Absolutely essential to any even half-hearted cook’s repertoire is the versatile flatbread. It’s a great way to use up a few stray vegetables left after all our salading and galetting–we had only a few ripe tomatoes and a lone ear of corn to use up–and a straight ticket to the heart of any pizza-loving picky eaters you may have lurking around. With less than half the cheese.
You get badges for thriftiness, efficiency, low-fat cookery, hostess elegance, and doting mommy-ness. Can it get any better really?
We started with a few tomatoes harvested from the garden:
That was the hard part. Phew. Then we just prepped the dough — half-baked it — threw our toppings on — and baked it until the tomatoes were nicely roasted. The whole process took about an hour or a bit more. Done. (Granted, it’s the hot season here, so yeast works fast..)
I made mine on a Lodge Cast Iron skillet I’d recently lugged back with me from Manila, which turned out to be as effective as a pizza stone, and easy to serve from, too. But really any baking tray will do just fine.
None of it lasted long at all.
- 1 1/2 cups whole wheat flour
- 1 teaspoon salt
- 1 tablespoon extra virgin olive oil
- Either -- 1 teaspoon yeast, proofed in 1/2 cup lukewarm water with 1 teaspoon sugar
- Or -- 3/4 teaspoon active dry yeast and 1/2 cup lukewarm water
- 1 red onion or 2 shallots
- 2-3 medium sized tomatoes
- 1 ear of corn, with the kernels sliced off, or the equivalent
- 1/2 cup or less of crumbled goat cheese
- You could also use: some zucchini slices, chopped leeks, and a few sliced mushrooms in place of some of the above ingredients. Feel free to be creative with what you have on hand.

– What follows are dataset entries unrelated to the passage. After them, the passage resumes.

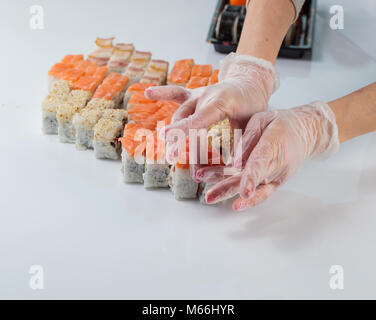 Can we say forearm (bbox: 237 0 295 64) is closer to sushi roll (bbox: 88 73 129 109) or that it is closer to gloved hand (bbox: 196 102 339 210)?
gloved hand (bbox: 196 102 339 210)

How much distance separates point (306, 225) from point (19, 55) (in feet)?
6.75

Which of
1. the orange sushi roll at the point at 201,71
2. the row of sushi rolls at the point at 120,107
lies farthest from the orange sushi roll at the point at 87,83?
the orange sushi roll at the point at 201,71

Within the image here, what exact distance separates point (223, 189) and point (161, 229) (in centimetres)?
33

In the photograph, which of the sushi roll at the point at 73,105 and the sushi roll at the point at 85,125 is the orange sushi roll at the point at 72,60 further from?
the sushi roll at the point at 85,125

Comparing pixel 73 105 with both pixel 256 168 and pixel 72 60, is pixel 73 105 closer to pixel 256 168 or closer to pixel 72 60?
pixel 72 60

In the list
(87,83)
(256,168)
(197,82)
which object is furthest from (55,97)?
(256,168)

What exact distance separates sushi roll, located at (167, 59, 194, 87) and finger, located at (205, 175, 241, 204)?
95 centimetres

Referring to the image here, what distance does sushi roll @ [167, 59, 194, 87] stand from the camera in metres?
2.73

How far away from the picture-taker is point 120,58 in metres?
2.89

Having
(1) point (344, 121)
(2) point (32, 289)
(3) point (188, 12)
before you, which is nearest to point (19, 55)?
(3) point (188, 12)

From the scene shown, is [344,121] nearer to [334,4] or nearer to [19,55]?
[334,4]

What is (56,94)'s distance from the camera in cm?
258

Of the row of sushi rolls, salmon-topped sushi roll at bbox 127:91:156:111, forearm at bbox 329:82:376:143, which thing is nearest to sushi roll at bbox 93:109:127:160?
the row of sushi rolls

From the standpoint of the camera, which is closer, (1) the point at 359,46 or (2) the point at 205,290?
(2) the point at 205,290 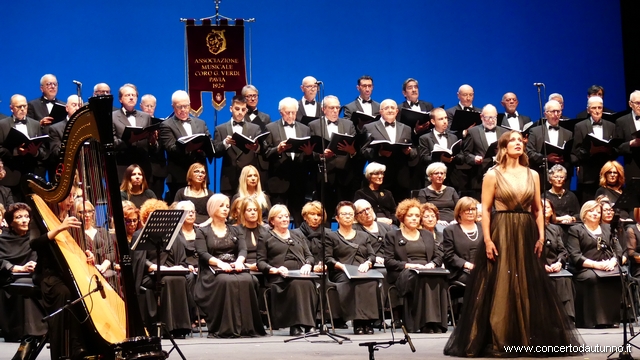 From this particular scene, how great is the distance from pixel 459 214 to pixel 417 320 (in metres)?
1.09

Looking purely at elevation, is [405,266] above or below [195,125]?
below

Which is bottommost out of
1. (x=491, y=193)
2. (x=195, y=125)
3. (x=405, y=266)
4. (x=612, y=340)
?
(x=612, y=340)

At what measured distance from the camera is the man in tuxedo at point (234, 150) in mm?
9367

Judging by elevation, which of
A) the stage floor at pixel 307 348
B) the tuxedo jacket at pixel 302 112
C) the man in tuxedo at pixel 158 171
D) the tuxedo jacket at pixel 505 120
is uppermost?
the tuxedo jacket at pixel 302 112

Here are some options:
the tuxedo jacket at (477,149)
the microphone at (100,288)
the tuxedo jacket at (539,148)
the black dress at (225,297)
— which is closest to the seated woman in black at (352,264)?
the black dress at (225,297)

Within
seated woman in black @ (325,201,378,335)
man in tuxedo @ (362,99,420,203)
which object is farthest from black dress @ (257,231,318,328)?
man in tuxedo @ (362,99,420,203)

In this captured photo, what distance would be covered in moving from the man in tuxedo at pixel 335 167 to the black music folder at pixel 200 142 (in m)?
1.21

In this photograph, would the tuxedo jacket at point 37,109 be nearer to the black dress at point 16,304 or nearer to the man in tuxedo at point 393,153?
the black dress at point 16,304

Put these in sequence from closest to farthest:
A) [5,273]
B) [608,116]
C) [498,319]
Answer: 1. [498,319]
2. [5,273]
3. [608,116]

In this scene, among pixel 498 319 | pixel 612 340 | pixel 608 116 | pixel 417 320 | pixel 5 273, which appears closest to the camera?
pixel 498 319

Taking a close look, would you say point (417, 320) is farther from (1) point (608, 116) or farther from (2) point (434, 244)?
(1) point (608, 116)

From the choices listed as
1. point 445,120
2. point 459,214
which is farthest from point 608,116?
point 459,214

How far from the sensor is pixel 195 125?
9406 millimetres

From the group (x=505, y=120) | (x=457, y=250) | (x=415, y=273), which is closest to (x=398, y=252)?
(x=415, y=273)
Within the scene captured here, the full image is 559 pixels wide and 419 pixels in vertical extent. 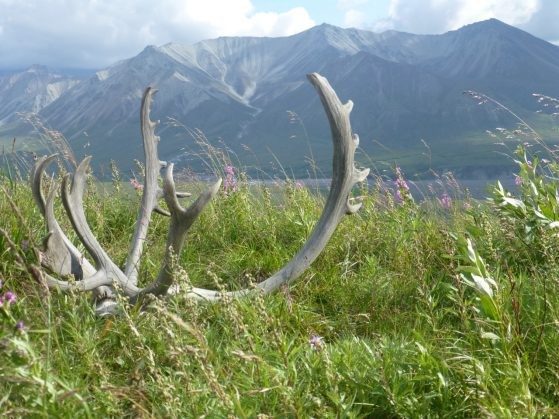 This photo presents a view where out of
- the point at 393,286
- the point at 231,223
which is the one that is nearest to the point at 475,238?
the point at 393,286

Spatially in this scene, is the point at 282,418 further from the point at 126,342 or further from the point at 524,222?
the point at 524,222

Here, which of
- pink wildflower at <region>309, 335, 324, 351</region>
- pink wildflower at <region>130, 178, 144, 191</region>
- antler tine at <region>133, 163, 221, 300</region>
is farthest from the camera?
pink wildflower at <region>130, 178, 144, 191</region>

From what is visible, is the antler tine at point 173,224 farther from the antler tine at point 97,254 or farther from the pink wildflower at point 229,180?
the pink wildflower at point 229,180

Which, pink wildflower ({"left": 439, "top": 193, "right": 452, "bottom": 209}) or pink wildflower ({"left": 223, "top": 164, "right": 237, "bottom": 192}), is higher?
pink wildflower ({"left": 439, "top": 193, "right": 452, "bottom": 209})

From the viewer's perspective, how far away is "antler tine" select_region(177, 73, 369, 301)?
4.27 m

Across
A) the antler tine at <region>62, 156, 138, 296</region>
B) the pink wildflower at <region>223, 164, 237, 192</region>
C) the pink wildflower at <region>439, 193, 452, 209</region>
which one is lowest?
the antler tine at <region>62, 156, 138, 296</region>

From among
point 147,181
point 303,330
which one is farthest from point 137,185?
point 303,330

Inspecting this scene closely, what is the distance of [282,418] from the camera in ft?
8.61

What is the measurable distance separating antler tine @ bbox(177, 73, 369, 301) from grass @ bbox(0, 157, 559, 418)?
15 cm

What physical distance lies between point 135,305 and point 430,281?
89.6 inches

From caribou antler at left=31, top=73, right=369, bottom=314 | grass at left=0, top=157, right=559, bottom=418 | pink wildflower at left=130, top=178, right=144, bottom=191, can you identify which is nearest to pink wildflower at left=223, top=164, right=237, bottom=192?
grass at left=0, top=157, right=559, bottom=418

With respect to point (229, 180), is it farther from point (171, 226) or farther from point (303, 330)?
point (303, 330)

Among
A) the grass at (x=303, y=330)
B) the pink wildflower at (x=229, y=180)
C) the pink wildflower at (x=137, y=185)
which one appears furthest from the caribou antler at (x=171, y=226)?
the pink wildflower at (x=137, y=185)

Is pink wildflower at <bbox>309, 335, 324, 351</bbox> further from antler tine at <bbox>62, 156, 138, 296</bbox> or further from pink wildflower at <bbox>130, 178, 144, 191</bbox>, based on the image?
pink wildflower at <bbox>130, 178, 144, 191</bbox> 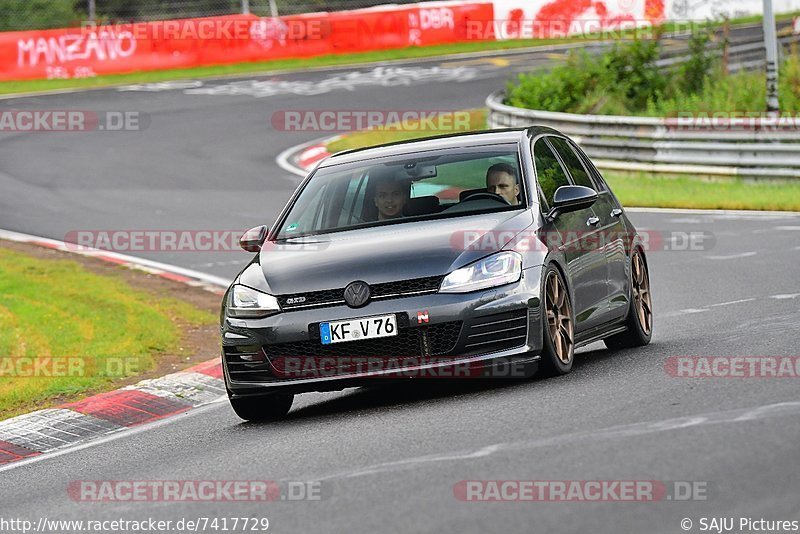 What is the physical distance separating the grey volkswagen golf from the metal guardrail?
12.4 metres

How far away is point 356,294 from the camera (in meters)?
8.36

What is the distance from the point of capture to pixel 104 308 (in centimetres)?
1452

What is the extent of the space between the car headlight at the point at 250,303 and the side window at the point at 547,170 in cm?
195

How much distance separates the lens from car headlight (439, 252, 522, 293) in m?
8.34

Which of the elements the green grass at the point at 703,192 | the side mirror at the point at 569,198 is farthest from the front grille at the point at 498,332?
the green grass at the point at 703,192

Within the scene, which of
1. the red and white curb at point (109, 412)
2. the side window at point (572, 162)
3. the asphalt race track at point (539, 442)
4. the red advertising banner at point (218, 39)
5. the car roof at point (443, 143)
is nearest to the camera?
the asphalt race track at point (539, 442)

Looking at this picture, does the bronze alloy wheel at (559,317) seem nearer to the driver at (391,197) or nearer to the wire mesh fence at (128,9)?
the driver at (391,197)

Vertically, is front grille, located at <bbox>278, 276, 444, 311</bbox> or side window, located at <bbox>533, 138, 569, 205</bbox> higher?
side window, located at <bbox>533, 138, 569, 205</bbox>

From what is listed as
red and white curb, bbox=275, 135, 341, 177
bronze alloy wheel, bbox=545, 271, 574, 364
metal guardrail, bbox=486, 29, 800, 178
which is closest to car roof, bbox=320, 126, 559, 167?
bronze alloy wheel, bbox=545, 271, 574, 364

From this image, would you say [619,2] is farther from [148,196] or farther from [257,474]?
[257,474]

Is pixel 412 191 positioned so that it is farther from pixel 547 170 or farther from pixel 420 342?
pixel 420 342

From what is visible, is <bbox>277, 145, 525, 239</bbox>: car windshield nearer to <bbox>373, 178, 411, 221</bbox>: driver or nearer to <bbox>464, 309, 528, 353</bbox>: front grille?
<bbox>373, 178, 411, 221</bbox>: driver

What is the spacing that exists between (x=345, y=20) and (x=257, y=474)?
40.7 metres

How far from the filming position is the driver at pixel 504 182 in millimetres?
9375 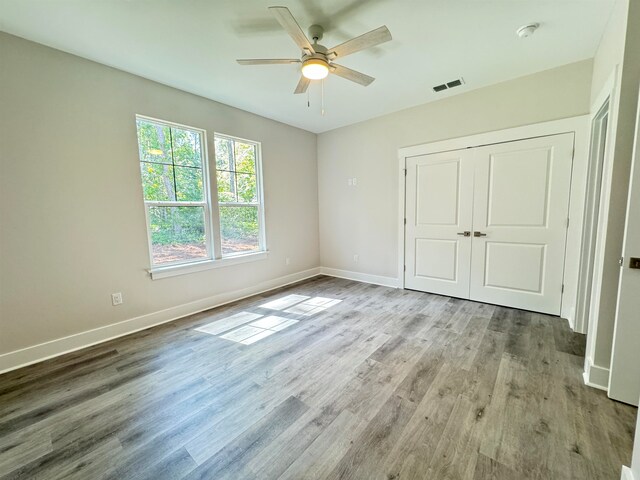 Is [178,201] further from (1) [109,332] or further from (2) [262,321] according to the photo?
(2) [262,321]

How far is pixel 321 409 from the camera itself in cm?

Just don't overload your flatbread, or it'll get hard to lift and soggy.
- If you're using regular yeast, proof it first: dissolve a teaspoon of sugar into a 1/2 cup water, add your yeast and allow to sit until it's nice and foamy.
- If you're using active dry yeast, then no proofing is needed.
- Stir together all dry ingredients (including active dry yeast, if that's what you're using) in a large bowl.
- Add water, olive oil, and proofed yeast (if you're using that instead of active dry) and mix into a ball, adding a touch more flour or water if you need to, to bring it together.
- Knead this for a couple of minutes, brush a film of oil over it, and leave it to rise undisturbed -- covered, in a warm spot.
- When the dough has about doubled (I never measure too precisely), punch it gently, reform it into a ball, and let it sit again for about 20 minutes.
- Slice tomatoes and onions thinly
- Cook the corn in boiling water, and drain.
- Crumble your goat cheese.
- Clean your basil and keep a few leaves ready.
- Pre-heat your oven to 450F/220C
- Very lightly grease a baking sheet or a cast iron griddle, and sprinkle with cornmeal.
- Roll out your dough until it's a size that comfortably sits on your sheet or griddle--and slap it on there.
- Bake it blind for barely 10 minutes. Then pull it out of your oven and add all your toppings: sliced tomatoes, sliced onions, cooked corn, goat cheese crumbles, salt and a generous sprinkling of herbes de provence.
- If you're using basil in this step, tuck the leaves under the tomatoes to keep them from burning. Otherwise, save these to throw on top later as a fresh green garnish.
- Bake again for another 10 minutes or until the veggies are lightly roasted and the edges are browning and the whole pan is calling out to be eaten (with those remaining torn basil leaves thrown on top). Now.